Peki sözde “tasarruf tedbirleri” arasında yukarıda sadece küçük bir bölümünü sıraladığımız giderlerin, daha doğrusu AKP’giller’in kendilerine ve yerli-yabancı Parababalarına çektikleri peşkeşlerin en ufak şekilde azaltılması var mıdır?

Zinhar yoktur.

Peki neler vardır?

“Temsil ve tanıtma ödeneklerinde yüzde 25’lik kesinti”, “gezi ve kokteyl düzenlenmemesi”, “mobilya, ofis donanımı gibi demirbaş alımlarının dondurulması” türünden sade suya tirit sözde tedbirler vardır.
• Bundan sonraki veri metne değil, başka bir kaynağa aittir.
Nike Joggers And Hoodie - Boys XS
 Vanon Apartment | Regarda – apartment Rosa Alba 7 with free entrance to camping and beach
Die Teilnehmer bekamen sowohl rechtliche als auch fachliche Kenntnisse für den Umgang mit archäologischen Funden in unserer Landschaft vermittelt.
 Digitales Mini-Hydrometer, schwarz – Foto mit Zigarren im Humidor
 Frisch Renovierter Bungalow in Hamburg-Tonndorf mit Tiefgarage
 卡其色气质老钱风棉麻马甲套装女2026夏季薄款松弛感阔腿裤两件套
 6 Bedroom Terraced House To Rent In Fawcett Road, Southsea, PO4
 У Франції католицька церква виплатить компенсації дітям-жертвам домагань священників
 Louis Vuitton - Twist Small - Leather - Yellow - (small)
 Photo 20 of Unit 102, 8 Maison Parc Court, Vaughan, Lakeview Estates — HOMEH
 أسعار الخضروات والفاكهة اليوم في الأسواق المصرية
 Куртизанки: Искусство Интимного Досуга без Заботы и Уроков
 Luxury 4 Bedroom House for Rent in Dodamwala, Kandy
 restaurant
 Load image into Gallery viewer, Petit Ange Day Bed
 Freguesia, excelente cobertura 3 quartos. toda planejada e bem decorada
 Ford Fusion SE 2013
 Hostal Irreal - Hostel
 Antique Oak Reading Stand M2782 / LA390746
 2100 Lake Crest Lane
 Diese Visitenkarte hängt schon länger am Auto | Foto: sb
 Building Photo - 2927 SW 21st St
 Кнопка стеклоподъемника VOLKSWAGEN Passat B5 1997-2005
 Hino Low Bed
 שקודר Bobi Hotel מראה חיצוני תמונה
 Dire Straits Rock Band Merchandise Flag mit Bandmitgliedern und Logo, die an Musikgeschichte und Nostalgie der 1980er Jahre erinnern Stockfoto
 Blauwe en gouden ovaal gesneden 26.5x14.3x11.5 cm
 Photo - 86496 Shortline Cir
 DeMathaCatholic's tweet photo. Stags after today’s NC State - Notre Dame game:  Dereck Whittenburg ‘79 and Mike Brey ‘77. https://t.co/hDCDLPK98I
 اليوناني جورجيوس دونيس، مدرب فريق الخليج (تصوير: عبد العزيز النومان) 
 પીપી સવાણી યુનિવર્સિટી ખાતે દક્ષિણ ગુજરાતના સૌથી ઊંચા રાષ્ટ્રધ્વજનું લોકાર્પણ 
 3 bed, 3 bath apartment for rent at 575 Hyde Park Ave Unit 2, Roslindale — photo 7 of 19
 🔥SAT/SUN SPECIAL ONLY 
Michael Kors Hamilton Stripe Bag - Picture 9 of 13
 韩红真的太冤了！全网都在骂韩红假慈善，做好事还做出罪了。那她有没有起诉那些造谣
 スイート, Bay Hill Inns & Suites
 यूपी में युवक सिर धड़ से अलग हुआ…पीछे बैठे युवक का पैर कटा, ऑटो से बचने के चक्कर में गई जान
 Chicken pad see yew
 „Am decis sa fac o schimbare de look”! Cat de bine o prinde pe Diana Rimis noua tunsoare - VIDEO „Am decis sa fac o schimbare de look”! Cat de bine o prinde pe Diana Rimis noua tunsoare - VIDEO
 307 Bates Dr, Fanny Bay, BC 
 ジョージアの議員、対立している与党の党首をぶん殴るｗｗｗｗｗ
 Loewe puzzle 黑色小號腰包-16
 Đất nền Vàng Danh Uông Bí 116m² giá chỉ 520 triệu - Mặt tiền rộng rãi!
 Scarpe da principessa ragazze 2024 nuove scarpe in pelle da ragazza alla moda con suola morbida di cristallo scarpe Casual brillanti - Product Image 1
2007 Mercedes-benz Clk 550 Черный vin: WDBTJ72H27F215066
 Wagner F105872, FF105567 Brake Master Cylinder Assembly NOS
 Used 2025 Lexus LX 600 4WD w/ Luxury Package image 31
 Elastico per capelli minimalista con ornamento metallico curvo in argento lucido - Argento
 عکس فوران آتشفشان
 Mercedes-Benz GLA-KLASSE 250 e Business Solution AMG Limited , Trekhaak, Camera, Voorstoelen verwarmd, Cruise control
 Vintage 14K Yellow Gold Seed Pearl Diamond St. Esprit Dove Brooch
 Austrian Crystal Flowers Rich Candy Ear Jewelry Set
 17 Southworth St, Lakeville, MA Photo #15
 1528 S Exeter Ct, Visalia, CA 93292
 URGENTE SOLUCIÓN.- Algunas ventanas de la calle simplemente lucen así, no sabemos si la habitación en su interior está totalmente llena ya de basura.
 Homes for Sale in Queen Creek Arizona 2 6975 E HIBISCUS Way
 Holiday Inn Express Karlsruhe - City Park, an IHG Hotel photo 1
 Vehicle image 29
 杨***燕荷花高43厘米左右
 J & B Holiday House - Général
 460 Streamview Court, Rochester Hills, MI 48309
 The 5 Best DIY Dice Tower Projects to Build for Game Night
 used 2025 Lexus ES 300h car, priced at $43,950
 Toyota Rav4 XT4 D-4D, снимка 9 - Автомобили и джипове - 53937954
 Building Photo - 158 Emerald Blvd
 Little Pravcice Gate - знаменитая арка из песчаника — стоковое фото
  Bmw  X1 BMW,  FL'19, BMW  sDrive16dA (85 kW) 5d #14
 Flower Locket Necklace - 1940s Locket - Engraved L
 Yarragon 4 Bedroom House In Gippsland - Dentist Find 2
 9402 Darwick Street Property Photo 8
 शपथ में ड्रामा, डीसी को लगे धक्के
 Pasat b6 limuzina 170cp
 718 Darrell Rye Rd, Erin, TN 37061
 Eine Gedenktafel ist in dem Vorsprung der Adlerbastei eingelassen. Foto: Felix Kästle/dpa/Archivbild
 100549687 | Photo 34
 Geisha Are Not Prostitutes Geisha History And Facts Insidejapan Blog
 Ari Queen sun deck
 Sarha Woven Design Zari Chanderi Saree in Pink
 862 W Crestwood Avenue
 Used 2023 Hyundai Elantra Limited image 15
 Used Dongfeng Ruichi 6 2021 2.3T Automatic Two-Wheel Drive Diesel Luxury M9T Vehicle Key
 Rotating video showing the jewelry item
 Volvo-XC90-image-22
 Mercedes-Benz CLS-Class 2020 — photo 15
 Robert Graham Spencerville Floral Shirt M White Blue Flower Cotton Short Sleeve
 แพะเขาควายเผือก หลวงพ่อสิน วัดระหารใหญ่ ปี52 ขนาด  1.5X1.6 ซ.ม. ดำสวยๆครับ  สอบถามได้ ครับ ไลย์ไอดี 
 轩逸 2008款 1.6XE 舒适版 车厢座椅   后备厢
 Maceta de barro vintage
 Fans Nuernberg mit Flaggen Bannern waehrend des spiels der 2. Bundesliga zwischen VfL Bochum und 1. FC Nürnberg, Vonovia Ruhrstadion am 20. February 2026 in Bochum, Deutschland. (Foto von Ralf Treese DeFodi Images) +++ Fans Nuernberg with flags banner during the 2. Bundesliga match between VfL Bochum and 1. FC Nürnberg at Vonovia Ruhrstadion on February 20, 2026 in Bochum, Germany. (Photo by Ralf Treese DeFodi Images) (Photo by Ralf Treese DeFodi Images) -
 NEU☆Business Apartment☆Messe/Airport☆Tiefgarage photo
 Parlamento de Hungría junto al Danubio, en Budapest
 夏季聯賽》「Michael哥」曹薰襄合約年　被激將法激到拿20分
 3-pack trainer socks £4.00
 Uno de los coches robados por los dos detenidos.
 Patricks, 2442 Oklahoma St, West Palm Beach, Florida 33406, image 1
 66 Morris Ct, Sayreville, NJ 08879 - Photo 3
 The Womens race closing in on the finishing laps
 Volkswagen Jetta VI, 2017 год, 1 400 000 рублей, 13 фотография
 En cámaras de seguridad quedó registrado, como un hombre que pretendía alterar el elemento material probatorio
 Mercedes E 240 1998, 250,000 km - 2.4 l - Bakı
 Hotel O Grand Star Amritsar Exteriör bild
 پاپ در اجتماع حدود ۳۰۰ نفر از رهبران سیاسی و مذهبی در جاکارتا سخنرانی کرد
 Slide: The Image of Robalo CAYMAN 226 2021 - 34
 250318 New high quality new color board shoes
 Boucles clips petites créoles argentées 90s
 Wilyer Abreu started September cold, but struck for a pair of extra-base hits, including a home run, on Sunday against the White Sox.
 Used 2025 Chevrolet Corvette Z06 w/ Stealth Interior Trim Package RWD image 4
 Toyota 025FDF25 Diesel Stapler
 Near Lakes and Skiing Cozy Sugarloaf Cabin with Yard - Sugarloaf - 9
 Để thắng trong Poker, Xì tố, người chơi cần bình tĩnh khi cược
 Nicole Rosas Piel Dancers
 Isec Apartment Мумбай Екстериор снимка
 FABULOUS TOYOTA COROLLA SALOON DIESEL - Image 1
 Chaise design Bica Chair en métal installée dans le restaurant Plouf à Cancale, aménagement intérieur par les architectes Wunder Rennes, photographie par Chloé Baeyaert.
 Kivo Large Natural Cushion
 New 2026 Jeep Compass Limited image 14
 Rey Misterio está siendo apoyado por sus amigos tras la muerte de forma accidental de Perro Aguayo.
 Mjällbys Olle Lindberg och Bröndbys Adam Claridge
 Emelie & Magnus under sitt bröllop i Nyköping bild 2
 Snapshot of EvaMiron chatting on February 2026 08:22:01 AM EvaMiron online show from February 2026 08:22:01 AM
AKP’giller bir de utanıp sıkılmadan, sanki yarattıkları ekonomik felaketin nedeni kamu çalışanlarıymış gibi “tedbir” demagojisiyle kamu çalışanlarımızın servis hakkını da ellerinden almış, üstelik toplu taşıma araçları kullanmaya mecbur ettikleri kamu çalışanlarımıza yol ücreti yardımı da yapmamıştır.

Namuslu bir ekonomistimizin ifadesiyle “Sarayın bir tane ışığının söndürülmesini bile öngörmeyen” sözde tasarruf paketi, aynı zamanda kamuya yönelik istihdamı da dondurmakta, sınırlamaktadır. Yani AKP’giller’in sayısı bilinmeyen “Bankamatik Memurları” hiçbir şey yapmadan maaş almaya devam ederken, gerçek anlamda kamuda çalışma yeterliliğine sahip insanlarımızın istihdamı bu yolla engellenmektedir.

Kısacası AKP’giller, “Kamuda Tasarruf Paketi” dedikleri kandırmacayla, bizzat kendi yarattıkları cehennemin sorumluluğunu emekçi halkımızın üzerine yıkmayı planlamaktadır. Ekonomist Aziz Çelik’in son derece doğru biçimde tespit ettiği gibi, AKP’giller’in ‘“Kamuda tasarruf’ dedikleri, kamu harcamalarını ve hizmetlerini kısmak, kamuya yeni çalışan almamak, yeni kadro açmamak, memura ve emekliye zam vermemektir.”

Her zaman söylediğimiz gibi AKP’giller; Türkiye’nin boynuna ABD Emperyalist Haydudu tarafından dolanmış “Yüzyılın Felaketi”dir. Bu felaketten kurtulmadığımız sürece insanca bir yaşam sürmemiz mümkün değildir.

Tüm Halkımızı bu “Yüzyılın Felaketi” olan AKP’giller’e karşı Halkın Kurtuluş Partisi’nde örgütlenmeye, bu Hırsızlar İmparatorluğu’na karşı mücadele etmeye davet ediyoruz. Unutulmamalıdır ki Örgütsüz Halk Köle Halktır, Örgütlü Halk Yenilmez!